Casseroles are a staple of Weeknight cooking. When you add in making your own meat sauce, you are achieving Homemade on a Weeknight. This recipe for Baked Rigatoni is loaded with three cheese, ground pork, pasta, and a homemade tomato sauce, all baked to perfection.

I know it is typically Baked Ziti, but I like the slightly bigger pasta shape as well as the grooves versus the smoothness of ziti. All that said, if you want to use ziti in this recipe it will be just fine. You will need to reduce the time spent on precooking of the pasta if you go with ziti over Rigatoni. I use ground pork out of preference for this recipe – you can use ground beef, turkey or chicken. I also used beef broth (again preference), you can use vegetable or chicken broth. You an also just use water if you prefer – but it is an opportunity missed for adding flavor. You need that extra liquid in the sauce so that the pasta can finish cooking while the casserole is baking.

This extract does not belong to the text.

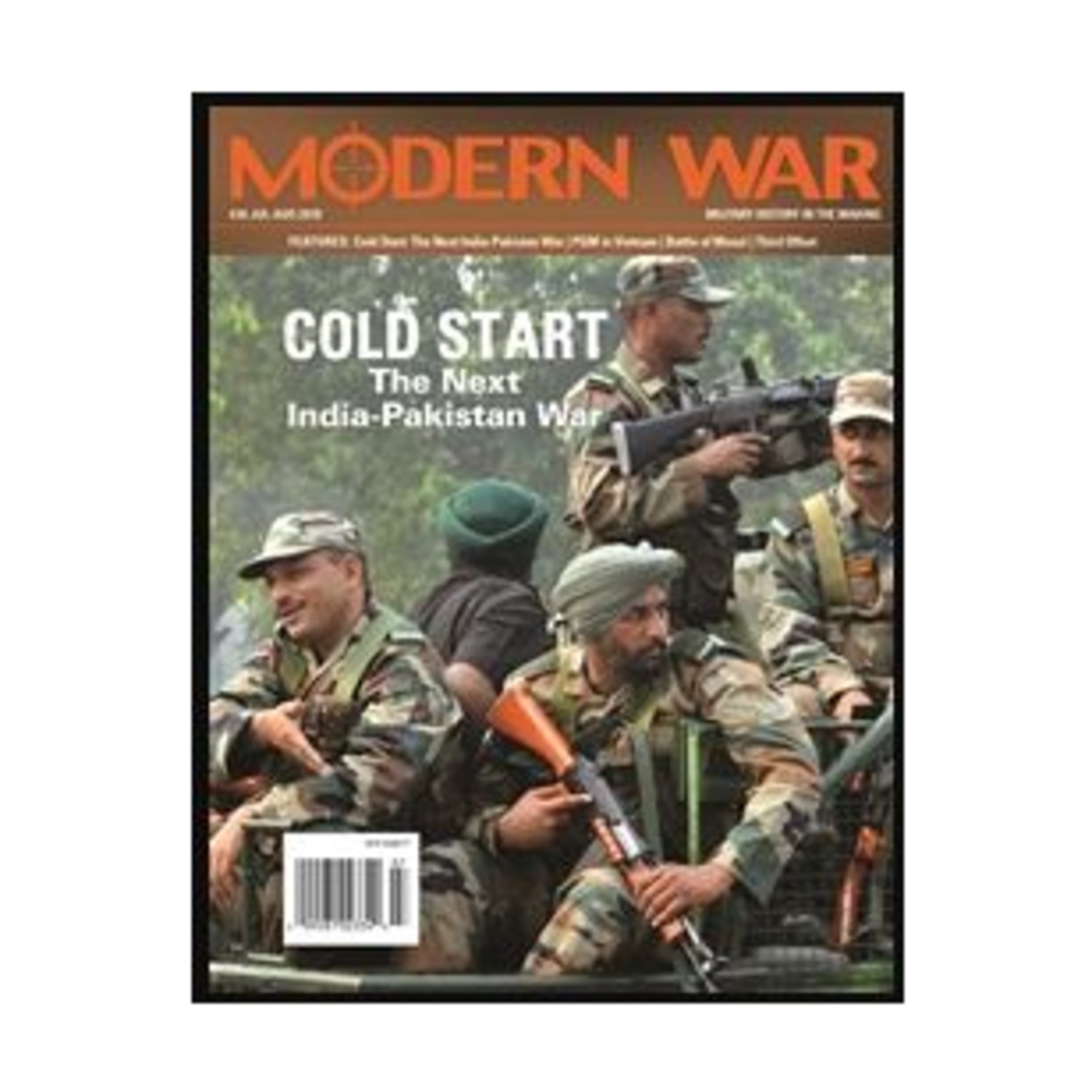 Decision Games Modern War #36 w/Cold Start – The Next India-Pakistan W Mag VG+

It’s important to use shredded parmesan over grated for this recipe. While it may not seem like a big difference it actually is when it comes to the what it melts. That said – if you only have grated parmesan than use that. I also suggest using whole milk ricotta. It gives a richer deeper flavor to the cheese layer.
I served this up with some of my Rosemary Garlic Sourdough Discard Focaccia mostly because my family loves any excuse I have to make it. I think any type of Garlic bread would do well. You could also go with a salad- probably a simple Cesar Salad to do the best. It is a pretty hearty casserole so you may not need a side. But it also keeps really well for lunch the next day, so if you are wanting to have some leftovers, you might want the bread and salad.
Now Let’s Get Cookin’!
Baked Rigatoni
Equipment
Ingredients
- 2 tbsp Oil
- ½ White Onion minced
- 1 tbsp Minced Garlic
- 1½ lb Ground Pork
- 1 tbsp Italian Seasoning see recipe below
- 2 15oz cans Tomato Sauce
- 1 tbsp Honey
- 2 cups Beef Broth
- 1 lb Rigatoni
- 12 oz Ricotta
- 1 Egg beaten
- 1½ cup Mozzarella Cheese shredded, divided
- 1 cup Parmesan Cheese shredded, divided
- 1 tsp Garlic Powder
- 1 tsp Parsley
- 1 tsp Salt
Instructions
- Start water boiling for pasta (salt as desired) Preheat oven to 375degF
- In a saute pan over medium high heat, add oil onions and garlic. Let saute for 3 minutes then add ground pork and italian seasoning. Cook until no longer pink and add tomato sauce, honey and beef broth. Reduce heat to medium low and let simmer until pasta is ready.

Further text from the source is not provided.